# Math Help - Proving an "onto" function..

1. ## Proving an "onto" function..

I have to prove that f(n) = 2n is not an onto function when the domain and co-domain are a set of all of the integers.

I graph it and see it isn't an onto function. However, everytime I do the math, it says it is. Can someone step through how to solve this one for me?

This is what I get.

First substitute m for f(n)

m = 2m

Solve for one side

(2/m) = m

If f(n) = m then,

f(n) = f(2/m) = 2(2/m) = m

therefore, f(n) = m.

What am I doing wrong. Thanks...

2. ## Re: Proving an "onto" function..

Suppose you have a group of children numbered 1, 2, 3, ... Suppose also that you are distributing candies to them. If your function from the set of candies to the set of kids' numbers is not onto, you will immediately know this by indignant screams, "What about me? I did not get any!". Now assume you are giving candies only to every other kid starting from 2, i.e., to even-numbered children. Is this function onto? You only have to find just one upset kid to know it's not.

Originally Posted by RatchetTheLombax
I have to prove that f(n) = 2n is not an onto function when the domain and co-domain are a set of all of the integers.

I graph it and see it isn't an onto function. However, everytime I do the math, it says it is. Can someone step through how to solve this one for me?

This is what I get.

First substitute m for f(n)

m = 2m
I assume you want to find the inverse of f. Then you need to solve the equation f(n) = m. If you can solve it for every m, i.e., for every m there exists an n such that f(n) = m, then the function is onto.
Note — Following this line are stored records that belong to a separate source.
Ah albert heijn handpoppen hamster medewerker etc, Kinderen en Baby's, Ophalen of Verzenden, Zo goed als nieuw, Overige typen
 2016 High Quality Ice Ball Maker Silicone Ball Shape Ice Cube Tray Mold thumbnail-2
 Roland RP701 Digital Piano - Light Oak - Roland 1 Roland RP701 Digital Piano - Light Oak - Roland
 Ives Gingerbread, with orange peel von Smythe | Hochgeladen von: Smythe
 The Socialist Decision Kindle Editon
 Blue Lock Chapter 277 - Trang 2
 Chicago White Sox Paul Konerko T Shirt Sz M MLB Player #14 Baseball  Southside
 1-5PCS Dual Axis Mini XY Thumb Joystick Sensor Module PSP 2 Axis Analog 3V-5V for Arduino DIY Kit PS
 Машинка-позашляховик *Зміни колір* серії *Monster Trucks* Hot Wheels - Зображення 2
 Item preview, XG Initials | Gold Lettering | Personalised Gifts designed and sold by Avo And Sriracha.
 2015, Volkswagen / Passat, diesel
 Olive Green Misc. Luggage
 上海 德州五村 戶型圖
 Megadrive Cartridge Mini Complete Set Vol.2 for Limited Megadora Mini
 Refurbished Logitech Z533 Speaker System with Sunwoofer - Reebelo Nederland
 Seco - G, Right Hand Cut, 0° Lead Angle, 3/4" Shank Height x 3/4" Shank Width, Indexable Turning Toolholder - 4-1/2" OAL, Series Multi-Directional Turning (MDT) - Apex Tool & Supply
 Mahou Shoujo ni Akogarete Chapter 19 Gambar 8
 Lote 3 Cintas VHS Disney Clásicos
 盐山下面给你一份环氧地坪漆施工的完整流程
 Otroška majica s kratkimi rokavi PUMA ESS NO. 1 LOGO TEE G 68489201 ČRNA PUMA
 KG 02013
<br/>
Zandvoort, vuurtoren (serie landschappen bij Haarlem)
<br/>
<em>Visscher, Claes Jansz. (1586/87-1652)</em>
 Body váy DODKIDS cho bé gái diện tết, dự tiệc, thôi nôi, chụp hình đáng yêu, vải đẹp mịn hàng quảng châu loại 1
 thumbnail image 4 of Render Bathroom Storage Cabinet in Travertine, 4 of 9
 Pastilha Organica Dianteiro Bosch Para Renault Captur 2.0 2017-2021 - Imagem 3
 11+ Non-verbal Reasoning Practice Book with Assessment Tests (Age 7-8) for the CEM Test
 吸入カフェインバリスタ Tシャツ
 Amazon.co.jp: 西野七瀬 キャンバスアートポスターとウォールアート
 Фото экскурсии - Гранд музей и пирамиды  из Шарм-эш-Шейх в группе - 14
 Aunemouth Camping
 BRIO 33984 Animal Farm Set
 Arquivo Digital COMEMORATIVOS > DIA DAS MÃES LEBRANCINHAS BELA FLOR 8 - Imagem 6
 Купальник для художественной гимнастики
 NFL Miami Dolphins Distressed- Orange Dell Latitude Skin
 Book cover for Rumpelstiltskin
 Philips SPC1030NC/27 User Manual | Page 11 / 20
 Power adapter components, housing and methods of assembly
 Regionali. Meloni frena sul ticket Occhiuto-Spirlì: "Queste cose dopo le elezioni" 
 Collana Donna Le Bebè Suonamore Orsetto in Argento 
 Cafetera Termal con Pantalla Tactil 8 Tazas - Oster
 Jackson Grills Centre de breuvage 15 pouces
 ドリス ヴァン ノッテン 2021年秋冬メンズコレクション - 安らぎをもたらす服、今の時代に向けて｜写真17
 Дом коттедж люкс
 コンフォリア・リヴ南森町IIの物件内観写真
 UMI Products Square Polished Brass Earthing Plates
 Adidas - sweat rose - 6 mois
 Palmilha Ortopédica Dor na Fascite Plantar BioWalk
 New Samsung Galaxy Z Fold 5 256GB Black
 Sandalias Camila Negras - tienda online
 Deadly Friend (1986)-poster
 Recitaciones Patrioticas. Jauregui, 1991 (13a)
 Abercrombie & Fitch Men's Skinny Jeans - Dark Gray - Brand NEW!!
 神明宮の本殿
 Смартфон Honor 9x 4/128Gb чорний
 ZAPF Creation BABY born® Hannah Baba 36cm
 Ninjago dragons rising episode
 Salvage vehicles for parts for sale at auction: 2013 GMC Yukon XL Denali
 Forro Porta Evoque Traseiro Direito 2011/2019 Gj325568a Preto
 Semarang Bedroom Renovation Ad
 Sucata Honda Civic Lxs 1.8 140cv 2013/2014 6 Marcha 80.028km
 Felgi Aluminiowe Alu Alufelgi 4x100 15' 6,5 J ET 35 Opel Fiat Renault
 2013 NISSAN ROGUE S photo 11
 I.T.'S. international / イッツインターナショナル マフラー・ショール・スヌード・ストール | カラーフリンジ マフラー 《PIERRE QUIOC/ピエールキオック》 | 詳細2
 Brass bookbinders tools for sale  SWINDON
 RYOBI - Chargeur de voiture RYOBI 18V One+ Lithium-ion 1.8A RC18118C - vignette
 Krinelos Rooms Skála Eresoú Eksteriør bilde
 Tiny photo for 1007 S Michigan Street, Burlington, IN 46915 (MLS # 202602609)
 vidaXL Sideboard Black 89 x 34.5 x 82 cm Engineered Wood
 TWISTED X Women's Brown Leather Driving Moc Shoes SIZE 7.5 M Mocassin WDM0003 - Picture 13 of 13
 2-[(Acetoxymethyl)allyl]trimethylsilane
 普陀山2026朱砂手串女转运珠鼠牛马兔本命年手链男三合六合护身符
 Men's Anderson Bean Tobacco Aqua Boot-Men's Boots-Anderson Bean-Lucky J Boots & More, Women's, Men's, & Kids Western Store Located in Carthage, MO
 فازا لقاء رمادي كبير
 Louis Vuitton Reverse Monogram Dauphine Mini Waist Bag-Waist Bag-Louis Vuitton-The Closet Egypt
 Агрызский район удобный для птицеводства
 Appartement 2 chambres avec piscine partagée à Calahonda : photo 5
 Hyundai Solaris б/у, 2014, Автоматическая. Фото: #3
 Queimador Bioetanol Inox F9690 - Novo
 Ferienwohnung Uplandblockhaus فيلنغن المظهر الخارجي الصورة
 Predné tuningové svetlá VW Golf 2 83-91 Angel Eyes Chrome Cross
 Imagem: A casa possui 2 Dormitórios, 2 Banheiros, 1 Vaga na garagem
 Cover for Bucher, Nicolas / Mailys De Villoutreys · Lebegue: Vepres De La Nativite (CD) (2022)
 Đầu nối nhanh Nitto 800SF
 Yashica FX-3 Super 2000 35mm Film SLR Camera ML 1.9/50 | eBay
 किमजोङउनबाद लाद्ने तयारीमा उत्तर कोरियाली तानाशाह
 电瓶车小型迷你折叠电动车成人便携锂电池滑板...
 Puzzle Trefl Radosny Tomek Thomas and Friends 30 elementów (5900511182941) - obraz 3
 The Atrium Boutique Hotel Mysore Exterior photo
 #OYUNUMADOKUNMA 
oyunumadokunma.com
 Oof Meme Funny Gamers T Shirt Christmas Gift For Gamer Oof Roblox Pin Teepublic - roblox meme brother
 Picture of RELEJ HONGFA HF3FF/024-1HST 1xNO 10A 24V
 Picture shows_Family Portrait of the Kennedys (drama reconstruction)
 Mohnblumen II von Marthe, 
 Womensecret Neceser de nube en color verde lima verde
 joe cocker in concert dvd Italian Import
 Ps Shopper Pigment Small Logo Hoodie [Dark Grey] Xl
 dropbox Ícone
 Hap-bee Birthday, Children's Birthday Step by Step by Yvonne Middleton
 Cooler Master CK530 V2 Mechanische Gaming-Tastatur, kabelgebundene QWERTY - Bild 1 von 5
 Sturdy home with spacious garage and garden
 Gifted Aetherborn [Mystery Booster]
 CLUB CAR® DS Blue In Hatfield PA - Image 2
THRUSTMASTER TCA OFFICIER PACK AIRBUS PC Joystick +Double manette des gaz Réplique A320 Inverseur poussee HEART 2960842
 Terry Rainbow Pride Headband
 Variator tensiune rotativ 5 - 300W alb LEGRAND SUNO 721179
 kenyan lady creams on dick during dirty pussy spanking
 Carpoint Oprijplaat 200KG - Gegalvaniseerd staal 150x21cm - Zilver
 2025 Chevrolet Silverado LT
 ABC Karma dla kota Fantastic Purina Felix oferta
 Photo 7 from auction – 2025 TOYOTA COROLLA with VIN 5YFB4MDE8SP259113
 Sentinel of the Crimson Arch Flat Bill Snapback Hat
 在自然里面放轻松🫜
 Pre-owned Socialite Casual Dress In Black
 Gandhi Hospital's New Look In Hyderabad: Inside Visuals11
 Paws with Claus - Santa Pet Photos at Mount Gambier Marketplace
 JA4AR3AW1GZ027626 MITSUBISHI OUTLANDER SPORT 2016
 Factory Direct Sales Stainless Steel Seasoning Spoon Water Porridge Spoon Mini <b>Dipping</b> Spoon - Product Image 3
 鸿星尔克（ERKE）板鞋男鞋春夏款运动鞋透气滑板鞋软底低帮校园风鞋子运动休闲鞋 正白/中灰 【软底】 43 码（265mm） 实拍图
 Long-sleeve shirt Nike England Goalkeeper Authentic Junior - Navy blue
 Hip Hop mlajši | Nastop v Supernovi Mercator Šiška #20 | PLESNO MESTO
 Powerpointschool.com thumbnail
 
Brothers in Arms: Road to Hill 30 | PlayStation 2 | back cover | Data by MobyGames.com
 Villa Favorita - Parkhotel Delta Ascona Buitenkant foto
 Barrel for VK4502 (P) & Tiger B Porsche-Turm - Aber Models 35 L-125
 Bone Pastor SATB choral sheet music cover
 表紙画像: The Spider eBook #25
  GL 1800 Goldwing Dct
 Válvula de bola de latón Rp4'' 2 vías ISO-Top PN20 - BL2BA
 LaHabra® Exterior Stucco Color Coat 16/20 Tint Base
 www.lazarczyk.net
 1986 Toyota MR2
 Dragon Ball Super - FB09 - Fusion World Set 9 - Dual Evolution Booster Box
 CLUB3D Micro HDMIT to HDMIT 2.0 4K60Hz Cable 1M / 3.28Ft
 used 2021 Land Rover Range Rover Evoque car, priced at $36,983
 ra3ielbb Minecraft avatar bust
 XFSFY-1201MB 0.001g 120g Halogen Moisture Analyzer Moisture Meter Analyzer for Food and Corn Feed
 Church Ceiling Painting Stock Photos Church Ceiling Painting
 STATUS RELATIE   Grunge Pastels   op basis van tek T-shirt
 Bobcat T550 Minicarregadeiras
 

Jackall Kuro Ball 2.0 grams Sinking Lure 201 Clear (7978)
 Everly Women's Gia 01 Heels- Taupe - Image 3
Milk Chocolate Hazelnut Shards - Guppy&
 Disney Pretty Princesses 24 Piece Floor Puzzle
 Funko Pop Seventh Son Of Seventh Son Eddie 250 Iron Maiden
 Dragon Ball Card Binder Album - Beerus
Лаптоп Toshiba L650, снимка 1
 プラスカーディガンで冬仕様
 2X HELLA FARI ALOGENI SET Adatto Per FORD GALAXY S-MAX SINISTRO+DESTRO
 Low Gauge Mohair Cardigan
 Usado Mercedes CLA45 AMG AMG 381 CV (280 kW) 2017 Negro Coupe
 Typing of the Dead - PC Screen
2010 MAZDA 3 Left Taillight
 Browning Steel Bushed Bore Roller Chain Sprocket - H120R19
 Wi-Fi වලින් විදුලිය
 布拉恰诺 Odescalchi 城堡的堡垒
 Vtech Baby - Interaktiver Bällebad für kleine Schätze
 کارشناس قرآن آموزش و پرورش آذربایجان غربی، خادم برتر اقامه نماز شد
This equation is 2n = m, not 2m = m.

3. ## Re: Proving an "onto" function..

Originally Posted by RatchetTheLombax
I have to prove that f(n) = 2n is not an onto function when the domain and co-domain are a set of all of the integers.

I think that you may have missunderstood onto.
For $\forall n\in\mathbb{Z}$ the image $2n$ is even.

The problem says "the domain and co-domain are a set of all of the integers". That includes odd integers.

It maybe I am reading co-domain correctly. But the image of that function has no odd integers.